When it comes to decorating for the Christmas season, few people go all out the way Alvie and Gladys Baker do.
Each year before Thanksgiving, the retired Scott City couple breaks out thousands of decorative Christmas pieces and fill every room of their home, even the bathroom, with holiday cheer. The process takes them six weeks to complete.
Some might call this kind of behavior pathological, but not Gladys.
"I just like doing it. I like sharing this with people," she said. "We usually have guests in at Christmas, so we like to have the home looking nice."
Every year the Bakers add a little more to their collection of Christmas-style bears, angels, trees and villages.
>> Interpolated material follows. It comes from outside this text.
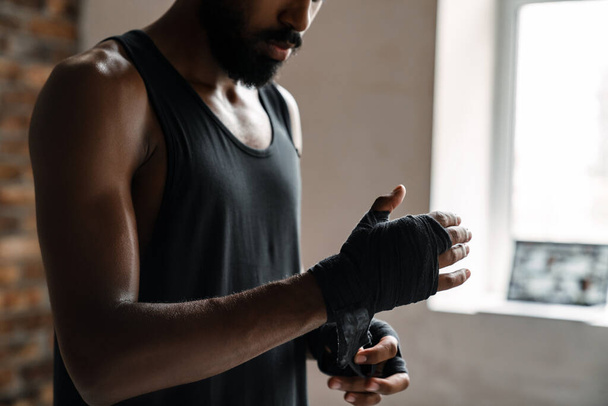 Image of athletic african american sportsman boxing in hand bandage while working out indoors - Фото, изображение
About 75 percent of the items are gifts. Like a snowball, the gifts just kept coming in -- the more Gladys collected, the more items people bought for her.
The collection includes several ceramics pieces of intricate detail -- a church with stained-glass windows, bears, cherubs -- made by Gladys herself, using her own kiln.
On the outside of the house, three blow-up bears, one popping out of a red and green Christmas present, give a hint of the treasures inside. The centerpiece of the collection is bears. Gladys labels herself a "bear freak," and her family and friends know it, buying her bears at any opportunity.
She's also proud of her Precious Moments pieces -- people and villages -- of which she owns more than a thousand. And Gladys said she keeps the Christ in Christmas, with numerous Nativity scenes and a handmade ceramic bust of Christ on the cross.
Alvie also puts his own touch on the decorations, with car ornaments hanging from one of the homes' several Christmas trees. In his wife's holiday fervor Alvie has been a faithful partner, assisting her for the 15 years the decorations have gone up.
"I just go along with the flow," Alvie said.
Seeing the decorations have become a traditions for the Bakers' children and grandchildrens, but also for their neighbors.
For Shirley Young, walking across the street to see the decorations is a holiday highlight.